Don McMahon actually could have had a player card in '73. Although already a pitching coach he was activated when the bullpen fell apart and pitched in 22 games, going 4-0 with six saves and a 1.48 ERA. He was 43. McMahon was another NY guy and was signed by the Boston Braves in 1950, also out of semi-pro ball where he played third base. Converted to a pitcher, he started his career well, going 20-9 his first year in D ball. Then after a couple games, Don missed the better part of two and a half seasons to Korea. He got back late in '53, had a couple middling seasons and then in '55 had a disappointing Triple A one (2-13 with a 5.01 ERA). The next year he was turned into a reliever, his numbers improved, and after a nice season in the Triple A pen in '57 came up to Milwaukee, just in time to make the Series roster. He pitched well at the MLB level right away and enjoyed his sole All-Star selection in '58. In '59 he led the league in games finished and saves. A tough '60 and a very good '61 followed and in early '62 he was sold to Houston and then his travels started. During the Sixties he went to the Indians, Red Sox, White Sox, and Tigers (another Series), all of for whom he pitched well. In '69 he landed at San Francisco and he stayed there the duration of his playing career (he actually pitched again in '74). He finished with a 90-68 record, a 2.96 ERA, and 153 saves. He has some nice career rankings including in hits per nine innings (19th all time). games finished (39th), and saves (75th). He became the pitching coach for the in '72 and remained it through '75, then moved to the Twins ('76-'77), back to the Giants ('80-'82), and then Cleveland ('82-'85). From '78 to '80 he was a salesman for Rawlings. He was also a long-time football scout for the Riders; he and owner Al Davis were high school buddies. In '85 he took a gig as a scout and batting practice pitcher for the Dodgers.In '87 he was performing that latter role prior to a game when he had a fatal heart attack. He was 57.

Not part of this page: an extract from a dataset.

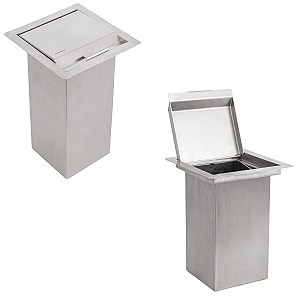 Lixeira de Embutir para Bancada 5L Inox 304 com Tampa Escovada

John McNamara was signed by the Cards in 1951 and got in about a year of C and B ball before he went into the service the following year. He returned in '55 and then more-or-less established himself as a light-hitting minor league catcher. His career average in the minors - he never made it to the majors - was .238 so his directional path if he wanted to stay in baseball was pretty clear. During that time he moved to the Giants, the Phillies, and finally the A's for whom he began managing in the minors in '59. He played through '64 and continued to manage in the KC system through '67 and by then was a league champ three times. He came up to coach for Oakland in '68 and '69 and was made manager the tail end of the latter season. In '70 he had a great year, again finishing second to the Twins, and that sparked his firing by owner Charlie O. He moved to coach the Giants from '71 to '73. Then came managerial stints with the Padres ('74-'77), Reds ('79 -'82), Angels ('83-'84), Red Sox ('85-'88), Indians ('90-'91), and back in California ('96). He was named Manager of the Year in '86 and then had the heart-breaking Series loss to the Mets. He ended his managerial career with an MLB record of 1,160-1,233 and in the minors of 647-631 and is one of a handful of guys to pilot six major league franchises.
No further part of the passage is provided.